The Buttonwood Tree is known for great music and its warm vibrancy. But every now and then something really special … something magical … happens. Saturday night, Anne-Marie Cannata, Executive Director of The Buttonwood Tree pulled a rabbit out of her hat and treated Middletown to a sparkling evening of entertainment. Once again, music lovers were treated to that special combination that happens uniquely at The Buttonwood Tree: an intimate concert featuring world-class musicians - and this evening held even more treats for their patrons!
Contributing to the magic of the night, Roberto Tschudin Lucheme, owner and head chocolatier at Tschudin’s Chocolates, was on hand throughout the evening tempting all with his incredible treats. Debi Friedlander, a local artist from Haddam, lined the walls of the gallery with her beautiful photographs adding a sense of peace and loveliness to the atmosphere. Meanwhile The Buttonwood Tree launched it’s Membership program offering discounts and their newly designed TBT mug to joining members.

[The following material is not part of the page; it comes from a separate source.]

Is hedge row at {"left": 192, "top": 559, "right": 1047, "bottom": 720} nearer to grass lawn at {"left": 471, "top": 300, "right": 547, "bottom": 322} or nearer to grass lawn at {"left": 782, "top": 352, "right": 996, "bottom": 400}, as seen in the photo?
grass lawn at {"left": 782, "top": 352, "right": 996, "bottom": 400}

Without a PA system separating the band from the audience, the Eric Mintel Quartet mesmerized the sold out crowd last night paying special homage to Dave Brubeck, performing originals and Vince Guaraldi songs from A Charlie Brown Christmas. Fortunately for the folks in the bookstore on the waitlist, they could clearly hear the music through the new speakers in the bookstore, courtesy of the Middlesex County Community Foundation and Ray Morant of Monster Music Merchandise. Many of them were thrilled and grateful to eventually be seated in the performance space.
The concert began with well-oiled covers of many of Dave Brubeck’s greatest hits including Blue Rondo a la Turk, Broadway Bossa Nova, and of course, Take Five. Eric Mintel was astounding on piano. His expertise on the piano evident as he turned frequently to visually connect with audience, his broad smile radiating warmth to patrons, without missing a beat. He led the band from the baby grand, his fingers performing amazing feats of chord and melody, his hands at times becoming a blur to the audience. Nelson Hill, who used play lead alto sax for Maynard Ferguson, was incredible on both the flute and saxophone (alto & soprano). While all the musicians offered gracious support and well-conceived solos, Nelson stood out with his astonishing performance. The bass player, Dave Antonow, was superb, and drummer Dave Mohn showed a deft touch throughout the evening. The band moved into extraordinary interpretations of Vince Guaraldi holiday classics, the saxophone adding much to what are traditionally songs performed as a piano trio. The evening ended with a mix of Brubeck songs and Mintel original compositions. The audience showed their appreciation with not one, but two standing ovations.
Their personal contact with the audience during their sets gave the room an air of warmth, comfort and participation. As one patron suggested, “It was as if I was sitting in my living room…”. Their masterful solos were candy to the ears. But it was the mix … the blend … the harmony of their ensemble that washed through the audience like a warm inviting shower. Having played venues like the Kennedy Center, the White House, and countless jazz festivals, The Eric Mintel Quartet seemed to enjoy the intimacy of The Buttonwood Tree as much as the audience and they responded favorably at an invitation to return.
Those who attended, some coming from as far away as Long Island, were blessed with sensational gifts to the ears, eyes and palate. Earlier in the afternoon, Debi Friedlander opened her art show … “Sensations” ... gracing the walls of The Buttonwood Tree with truly unique forms. Starting with digital photographs of her subjects … flowers, the ocean, the wake left behind by a passing speedboat and more … she enriches the image using colored pencils to expose the textures and emotional content that compelled her to capture the images in the first place. “Sensations” will be on exhibit at The Buttonwood until just after the New Year.And, if the evening wasn’t elegant enough, Roberto Tschudin Lucheme, Chocolatier and proprietor of Tschudin's Chocolates … finest of desserts of the Middletown culinary experience … wowed the crowd with fresh chocolate creations including a mousse, presented in a shot glass that would bring all but the very strongest of us to our knees. To top it off, Roberto created, live, a chocolate sculpture that embodied the spirit of The Buttonwood Tree’s central work … music, music, music. This sculpture can be seen on display at The Buttonwood Tree … at least until someone’s will power breaks down.